F\"orster interaction induced phase shift in a pair state interferometer

TL;DR

This paper reports on experiments demonstrating how F"orster resonances induce a tunable, dispersive phase shift in Rydberg atom pair states, revealing coherent control of interactions with implications for quantum information processing.

Contribution

It introduces a pair state interferometer to measure interaction-induced phase shifts and shows coherent control of F"orster resonances despite dephasing effects.

Findings

Dispersive phase shift observed around F"orster resonance

Interaction strength and sign can be tuned coherently

Coherent dynamics observed with pulsed F"orster coupling

Abstract

We present experiments measuring an interaction induced phase shift of Rydberg atoms at Stark tuned F\"orster resonances.

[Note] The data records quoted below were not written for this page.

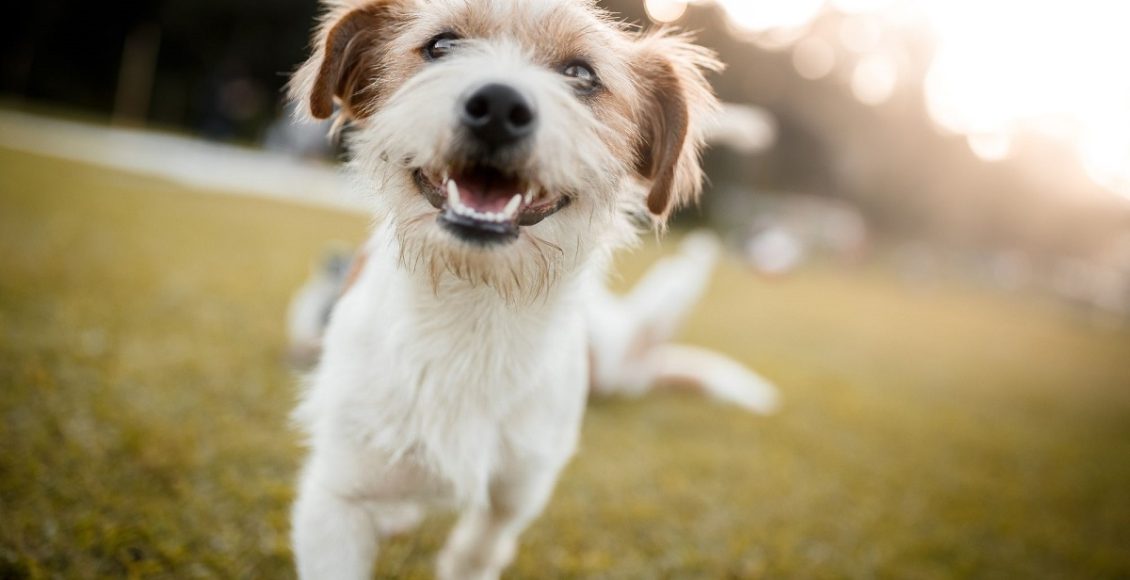 Paciente recebe visita dos cachorros em hospital de Goiânia e se emociona: "Transmitem uma energia positiva" - Imagem do Canva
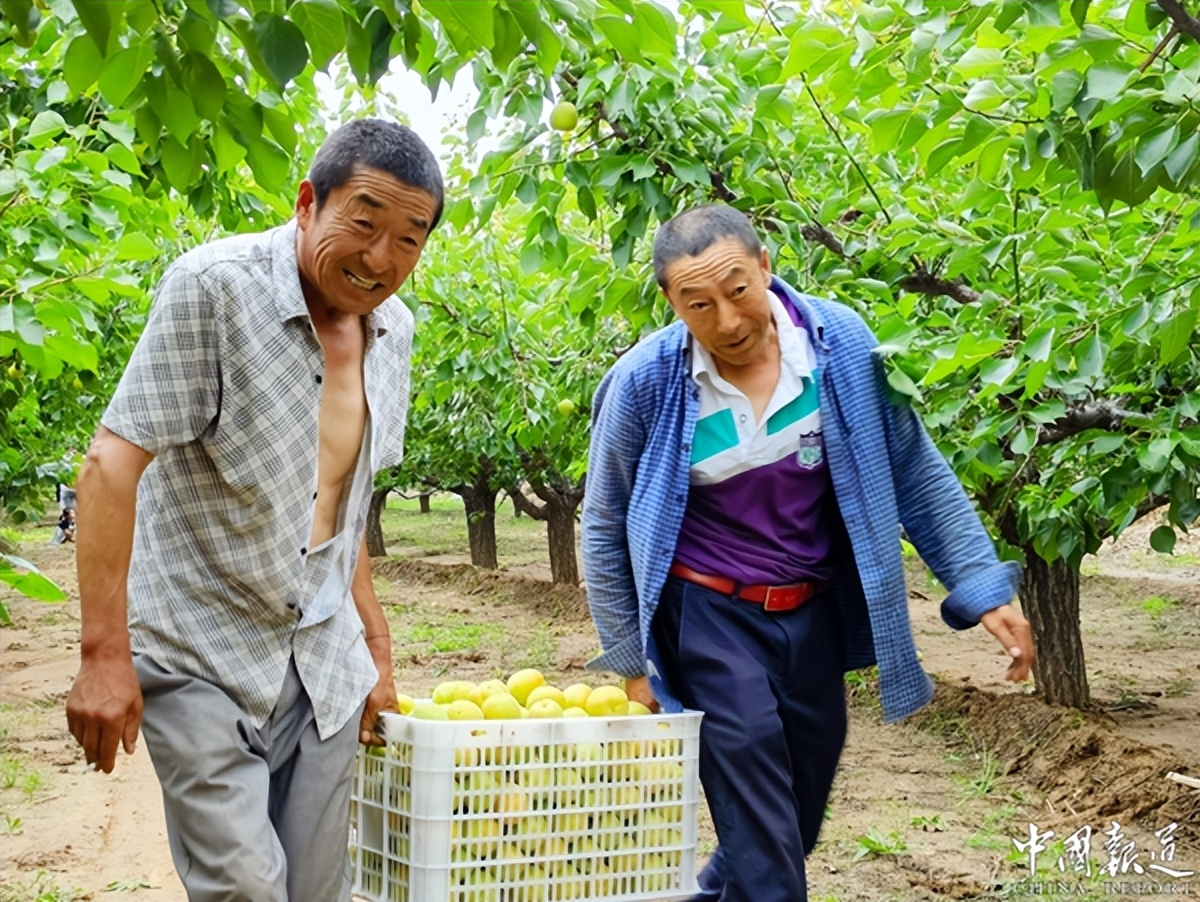山西阳高：致富路上“杏好”有你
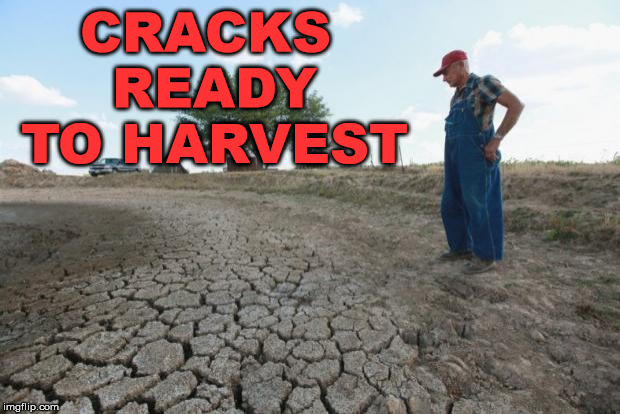 I guess he is a crack dealer. | CRACKS READY TO HARVEST | image tagged in drought farmer,memes,funny,crack,crack head,addict | made w/ Imgflip meme maker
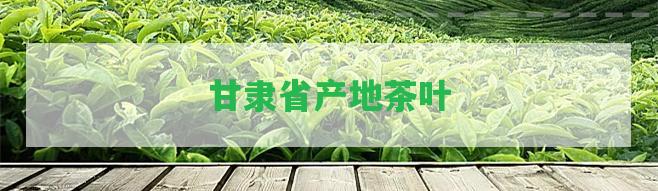 甘隸省產(chǎn)地茶葉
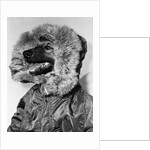 Portrait of dog in anorak by Anonymous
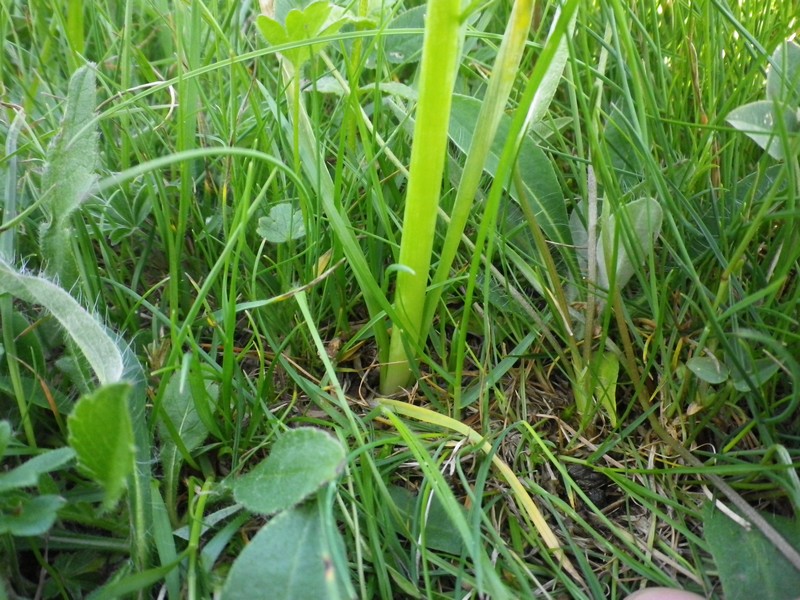 Narcissus poticus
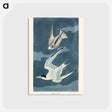 アートポストカード-Lesser Tern from Birds of America
 - アメリカの鳥たち Postcard.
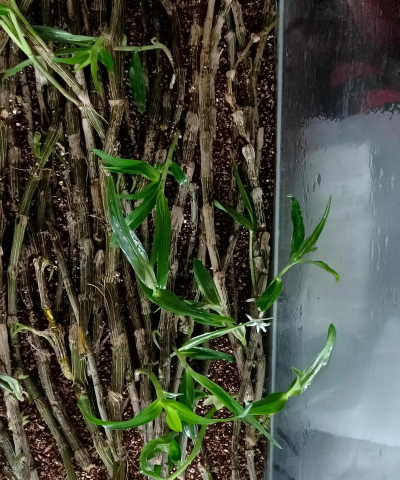 石斛兰花包受冻怎么办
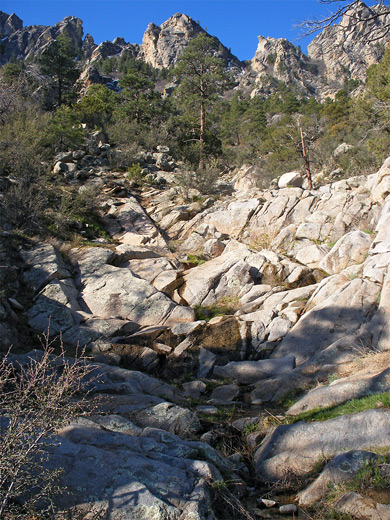 Stream in the Organ Mountains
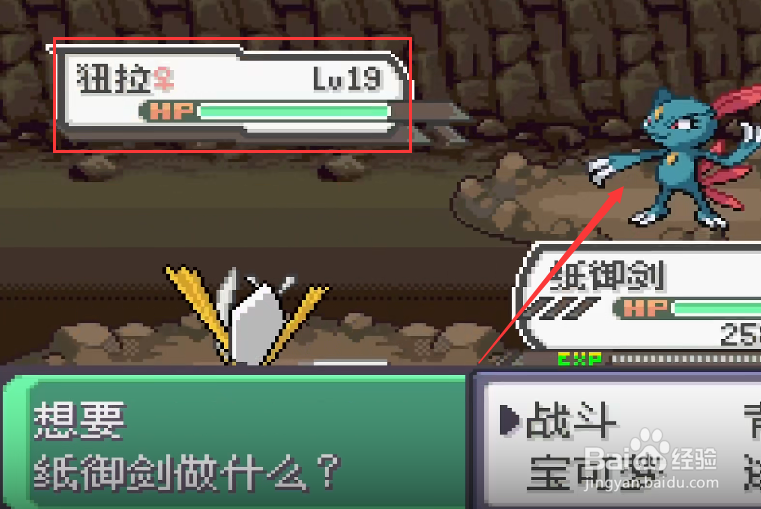 究极绿宝石纽拉在哪里捕捉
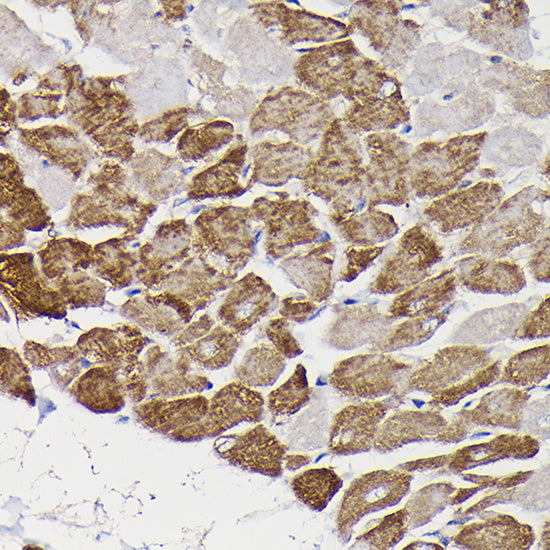 Monoamine Oxidase B (MAOB) Rabbit pAb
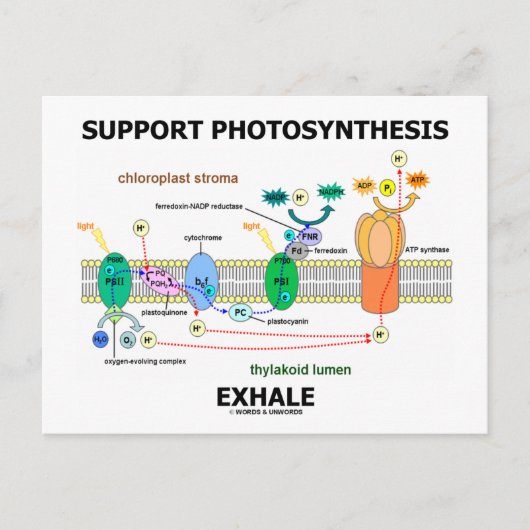 Ondersteuning van fotosynthese-uitademing (biochem briefkaart (Voorkant)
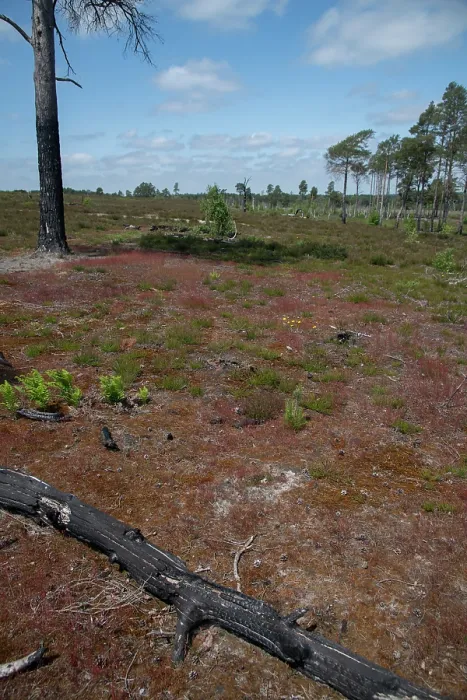 Framed Print : Re-growth of heathland vegetation following major fire three years prior, Thursley Common National Nature Reserve, Surrey, UK. June, 2023 Framed Print : Re-growth of heathland vegetation following major fire three years prior, Thursley Common National Nature Reserve, Surrey, UK. June, 2023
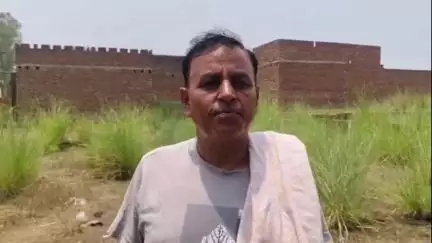 अमरोहा: अमरोहा में नहीं थम रहा देह व्यापार का कारोबार, मोहल्ला इकरार नगर के लोग परेशान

The phase shift features a dispersive shape around the resonance, showing that the interaction strength and sign can be tuned coherently. We use a pair state interferometer to measure the phase shift. Although the coupling between pair states is coherent on the time scale of the experiment, a loss of visibility occurs as a pair state interferometer involves three simultaneously interfering paths and only one of them is phase shifted by the mutual interaction. Despite additional dephasing mechanisms a pulsed F\"orster coupling sequence allows to observe coherent dynamics around the F\"orster resonance.